In one of his last acts as Prime Minister, Tony Abbott and his Minister for Education Chris Pyne appointed one of their mates from big business to review how schools were funded. He brought to the review his experience of attending one of Sydney’s most expensive grammar schools and being Chairman of the Board of Trustees there. He’s a good friend of Rupert Murdoch though, and owns a house worth over $5 million (and sold a penthouse for $14 million). A real battler for the disadvantaged.
Unsurprisingly the review he just handed down entrenched strong funding for the sort of private schools he attended and presided over. A “sector blind” approach basically sneaks in a school voucher system. Commentators on the left are livid and are planning to run a sharp campaign to demand that the government prioritise public schools in the funding model.
No, I’m kidding. This was actually 2010, and Prime Minister Kevin Rudd and his Minister for Education Julia Gillard appointed David Gonski. But the rest of the facts are the same. Oh and except for the howling on the left. Under the cloak of supporting Labor (and not giving ammunition to a strong Abbott opposition) the left was mostly supportive of the Gonski model. Perhaps it’s also just realpolitik – substantial new money in education is a good price for silence on how it should be allocated? It’s hard to figure out how the consensus arose to largely be silent on Gonski’s flaws.
David Gonski seems a good man, and genuinely cares about giving disadvantaged student groups in Australia a fair shot in life, but there are significant right-wing, business, private-schooled values are clear in the model bearing his name. These don’t get enough press, particularly by groups you’d expect would devour anyone proposing any of these things by themselves.
The biggest blow to the predominantly public system that these people talk about wanting is the whole “sector-blind” approach.

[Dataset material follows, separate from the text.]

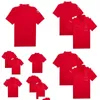 Odzież motocyklowa F1 Drużyna T-shirt czerwony krótkie koszulę klapi męskie męskie plusy niestandardowe szybkie suszące ubrania wyścigowe dostawa OT9KU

This is the idea that funding is per-student and gets allocated with minor caveats regardless of the system that the student is in*, effectively following each student. Come on – if this was introduced as a standalone policy anywhere else, we’d call a spade a spade and say it’s basically a school voucher system. Sure private school funding trails off as parent contributions increase, but the real change is that it makes low-fee private schools competitive with their public counterparts. Given the decreased accountability and rules for private schools (in curriculum, industrial relations etc.) this is close to sneaking in a charter school system to Australia through the backdoor. Sure, it is a tapered school vouchers system, and a low fee charter-wannabe would have to get some parent contributions or significant fundraising. The Victorian Government is happy to help out though, with their policy to raise the minimum floor of government contributions from 10% to 25%.
In the biggest change to funding that 5 years later is left to be implemented and will probably stand for over a decade when its (if ever) introduced, it’s just surprising that the progressive voices concede such a huge entrenchment of government funding. A small pip in The Age today reminded me to publish this, is this the start of a conversation in the right direction (if you’re so inclined that way)?